▶ **Instructions for the task**:
From the entries below, copy exactly the lines from the one that contains "Mug à bière" through the one that contains "Инсталляция Damixa ErgoFi", both included, and only those.

▶ **Dataset content**:
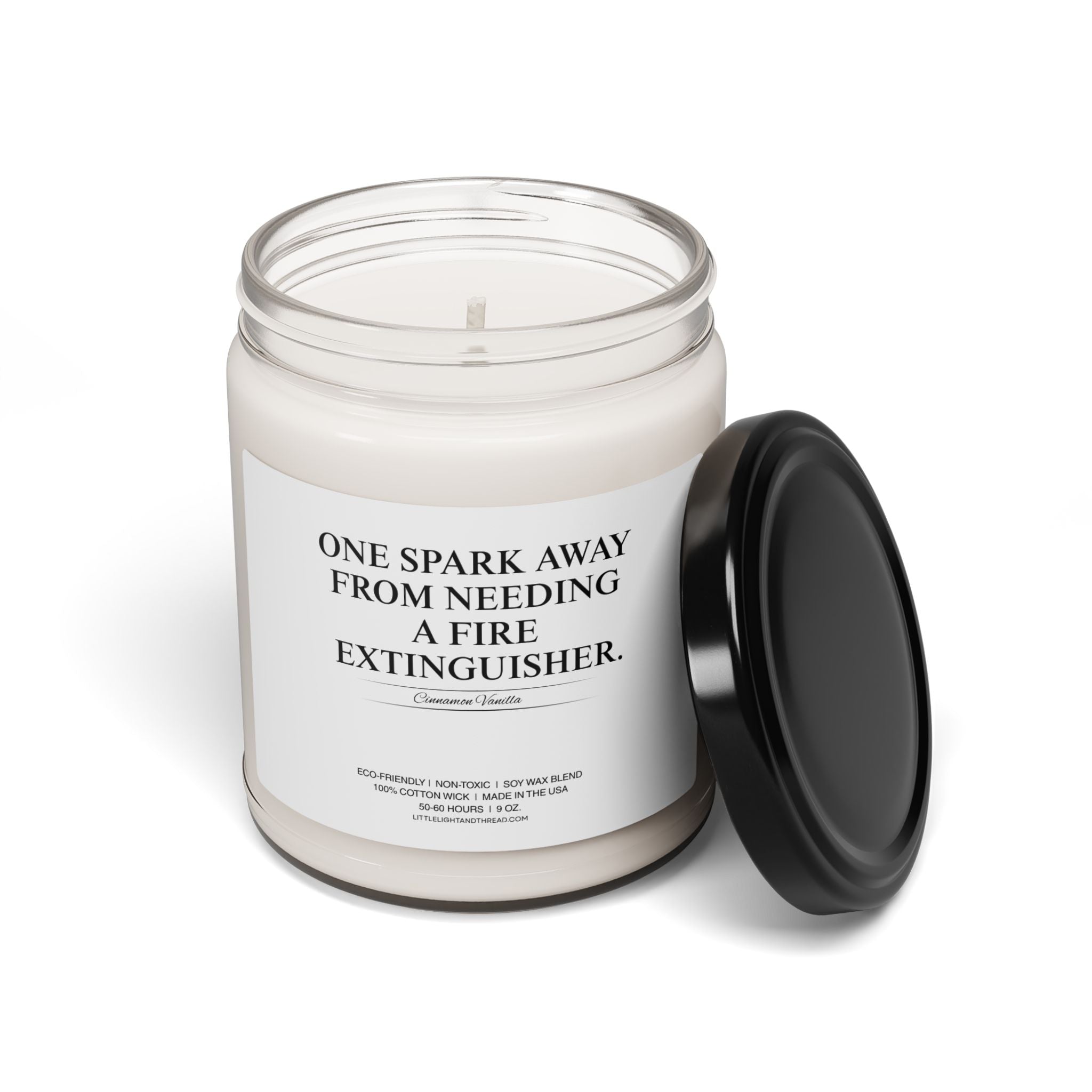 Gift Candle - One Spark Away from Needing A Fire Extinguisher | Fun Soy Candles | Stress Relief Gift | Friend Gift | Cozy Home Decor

--

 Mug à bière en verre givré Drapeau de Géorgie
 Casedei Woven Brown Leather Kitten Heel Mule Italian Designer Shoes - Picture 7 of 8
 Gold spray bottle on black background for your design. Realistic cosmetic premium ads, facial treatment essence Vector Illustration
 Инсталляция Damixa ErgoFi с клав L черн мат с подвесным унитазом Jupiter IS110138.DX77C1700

▶ **Task solution**:
 Mug à bière en verre givré Drapeau de Géorgie
 Casedei Woven Brown Leather Kitten Heel Mule Italian Designer Shoes - Picture 7 of 8
 Gold spray bottle on black background for your design. Realistic cosmetic premium ads, facial treatment essence Vector Illustration
 Инсталляция Damixa ErgoFi с клав L черн мат с подвесным унитазом Jupiter IS110138.DX77C1700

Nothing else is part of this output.